Theodore Cicero

One of the most important research emphases of Dr. Cicero’s is the role of endogenous opioid peptides (EOP) in the control of hypothalamic-pituitary function – especially in the release of hypothalamic releasing factors. These interactions are crucial, and endocrine changes associated with drugs of abuse, particularly the opioids, are now recognized as a pivotal aspect of their acute and chronic effects. Dr. Cicero was the first to show that morphine suppresses testosterone production in the male rat, which he later confirmed in humans in a 1976 New England Journal of Medicine article. It should be stressed that in this pivotal study, he conclusively established for the first time that males maintained on chronic opioid treatment were hypogonadal. The latter condition is now, 32 years later, recognized not only as a common side effect of chronic opioid treatment in humans, but also as a major factor in break-through pain, the development of tolerance and physical dependence and the neurobiological correlates of pain.
He was also one of the first to demonstrate that paternal ingestion of drugs - alcohol and morphine - influenced the development and maturation of their offspring. The only explanation for this phenomenon was that the function of sperm had in some way been affected. The most obvious possibility was that the expression of genes was affected, and this was postulated by his group in 1988. However, this flew in the face of conventional wisdom which posited that such “Lamarckian” charges in DNA expression did not occur. Interestingly, 15 years later, it has been shown in several landmark studies that environmental toxins and drugs influence the methylation of DNA, a process which influences gene expression. This launched the new field of “epigenetics” and Dr. Cicero’s research in the late 1980s is uniformly cited as the original observations documenting epigenetic processes. He is presently re-engaging in this research and exploring the molecular genetics of this phenomenon.

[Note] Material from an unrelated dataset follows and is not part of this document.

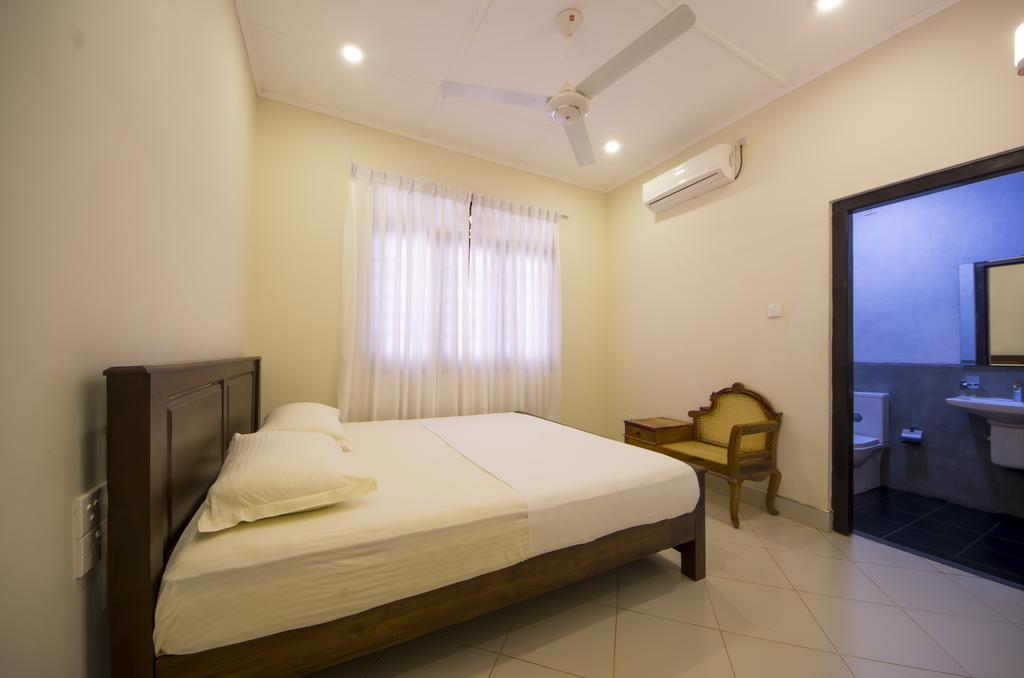 First House Mihintale Hotel Exterior photo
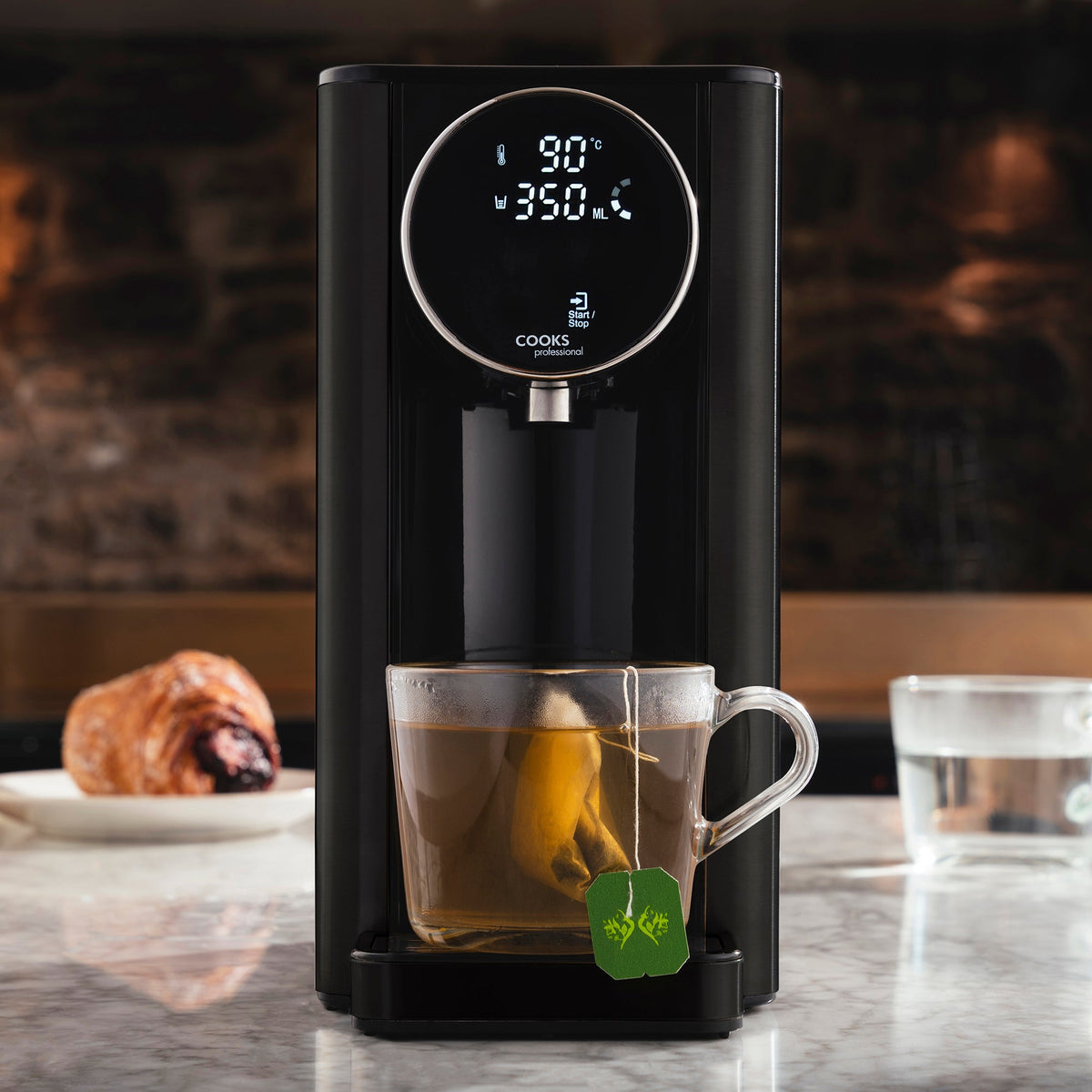 Cooks Professional 2.7l Digital Hot Water Dispenser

Dr. Cicero is currently engaged in several post-marketing surveillance programs to assess the abuse of newly marketed opioid drug preparations. Although these surveillance programs are an essential aspect of the approval of all drugs with abuse potential and are therefore extremely important in their own right, Dr. Cicero has extended their significance by his most recent research in two recent articles, both of which prompted recognition as the lead articles in their respective journals (Pharmacoepidemiology & Drug Safety and Pain), he examined first, the relationship between therapeutic exposure to opioids and their abuse; and, second, co-morbid factors in those abusing their opioid analgesics.

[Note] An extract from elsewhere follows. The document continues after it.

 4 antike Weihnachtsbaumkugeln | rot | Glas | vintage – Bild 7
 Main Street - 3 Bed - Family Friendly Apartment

Dr. Cicero has also been on the front lines of research on two major issues in the epidemic of prescription opioid abuse. He was the first to publish data analyzing the impacts of an abuse deterrent formulation of OxyContin®, in which the delivery device was chemically altered to be much harder to crush and snort, or solubilize and inject. While the ADF was shown to be effective in reducing rates of abuse for OxyContin®, one of the most commonly abused prescription drugs, an unintended consequence was that abusers shifted to other, more potent opiates, in particular heroin. Dr. Cicero further investigated changes in heroin abuse, the results of which were published in JAMA Psychiatry, in which the demographics of heroin abusers have shifted dramatically in the past fifty years from an urban issue among young males, to one prevalent in both older males and females living in non-urban areas who started their drug abuse with prescription opioids. He is currently focused on further researching the relationship between prescription drugs and heroin.